Jennie Levine lives two lives. At the University of Maryland, she's a curator of historical manuscripts. On the Internet, she opines as Headmistress Zsenya.

Levine, 33, is a big Harry Potter fan. Her love of the J.K. Rowling series chronicling the adventures of a boy in the Hogwarts School of Witchcraft and Wizardry has blossomed since she read the first book in late 1999 -- so much so that the university lists her as its resident Harry Potter expert.

"Probably 'expert' should just be termed 'excessive fan,' " she said. "I have read all the books. I've spent a lot of time -- probably too much time -- discussing the books with other people, thinking about the books, trying to figure out what's going to happen next."

Online, Levine imparts what she knows about Harry. She and a friend, Megan Morrison, created a Web site, http://sugarquill.net , dedicated to the popular children's series. They launched the site in 2001 as a home page featuring an archive of fan fiction called "Flourish and Blotts," the name of a bookstore in the series. In addition to publishing such stories inspired by Rowling's books, the site also hosts discussion forums about general writing as well as about Harry Potter.

The Sugar Quill has swelled into one of the more popular Potter sites, with more than 5,000 registered members. On Sunday, the day after the sixth book, "Harry Potter and the Half-Blood Prince," was released, traffic on the site peaked with about 350 users logged on at once.

"It sort of ballooned," Levine said. "We didn't think anybody would even visit it, and somehow word got around and people found us, and suddenly we've got this huge Web site."

Levine and Morrison met through the Internet at a Jane Austen fan site. Morrison wrote a piece of fan fiction based on Austen's novels, and Levine liked it so much that she reviewed it.

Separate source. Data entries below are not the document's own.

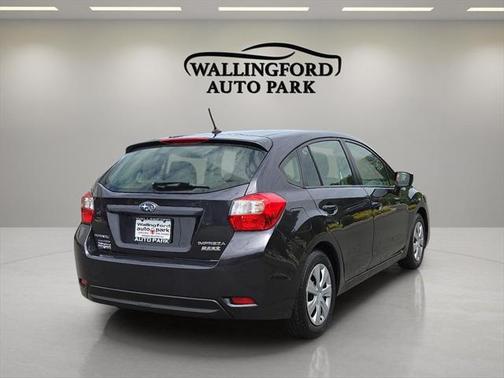 2016 Subaru Impreza 2.0i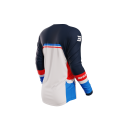 Maillot SHOT contact legend bleu 2024 | Oxmoto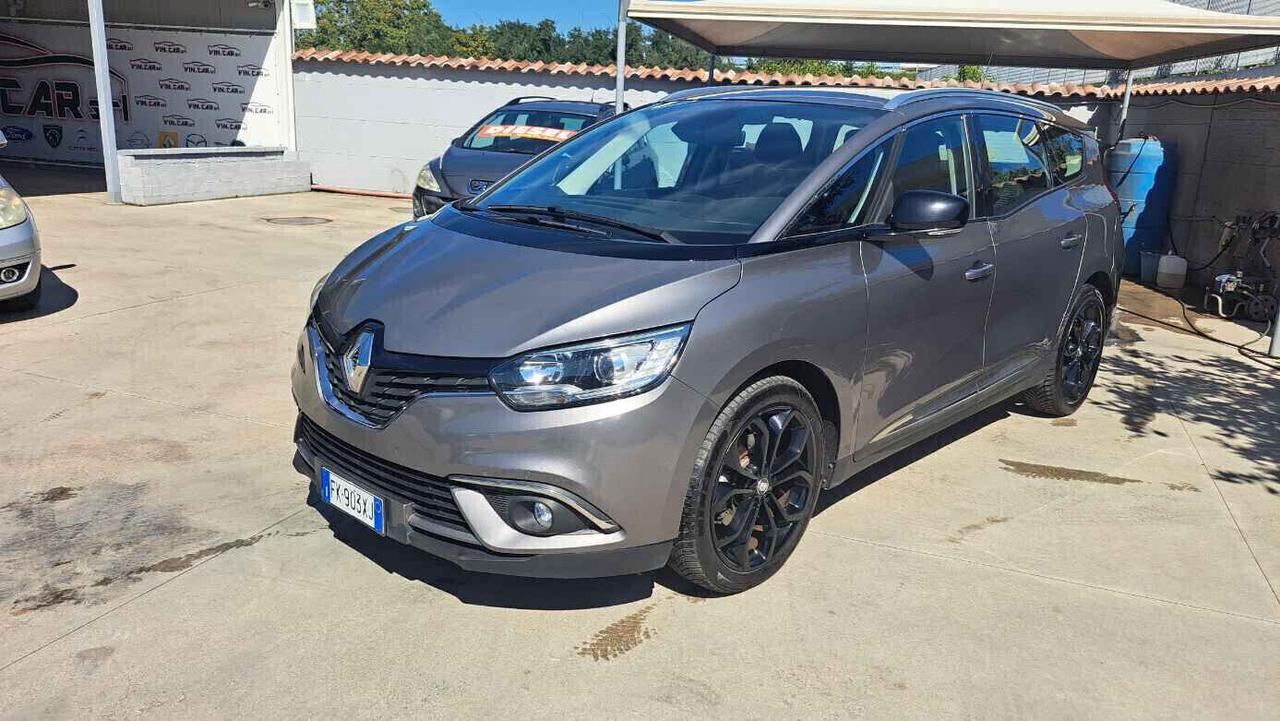 Renault Grand Scenic dCi 8V 110 CV EDC Energy Bose 7p Autom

They decided to meet to talk about Austen and settled on a date in the summer of 2000, the day the fourth Potter book came out.

"That's how we discovered that we were both Harry Potter fans," Levine said. "We just talked about Harry Potter the whole time."

They decided to start a Potter fan site. It costs about $85 per month to run. About a third of that figure is paid for with donations; they pay the rest.

The site is named after candies that are the Hogwarts students' writing utensil of choice. (In "Harry Potter and the Prisoner of Azkaban," Ron Weasley mentions "really excellent sugar quills, which you can suck in class and just look like you're thinking what to write next.")

The Sugar Quill has attracted children in addition to adults. Some kids have spent so much time at the site that their parents have begun restricting it.

"They're treating the Sugar Quill as another of their extracurricular activities, like soccer and softball," Levine said.

Levine, who grew up in Ellicott City and now lives in Baltimore, works at the Hornbake Library on the College Park campus. She said she gets few queries from the university about the Potter series but wishes students would write term papers about the books and come to her for research help.

She said she views the fan fiction portion of the site as a forum for readers interested in becoming writers. Two dozen volunteers help edit the fiction.

Levine said she likes the latest Potter book and went as far as to rank it a close second to her favorite, the third installment, "Prisoner of Azkaban." The new book leaves many questions unanswered, she said, and builds suspense before Rowling releases the final Potter book.

"People sort of read the last chapter of this book, put it down and say, 'Where's the next one?' It really sort of ends on a cliffhanger," she said.

Levine said the Potter series is appealing to adults as well as children, especially because Rowling so closely chronicles Harry's adolescence.

"Me at 30 or 33 was sort of like, 'Oh, wow, I remember what that was like,' " Levine said.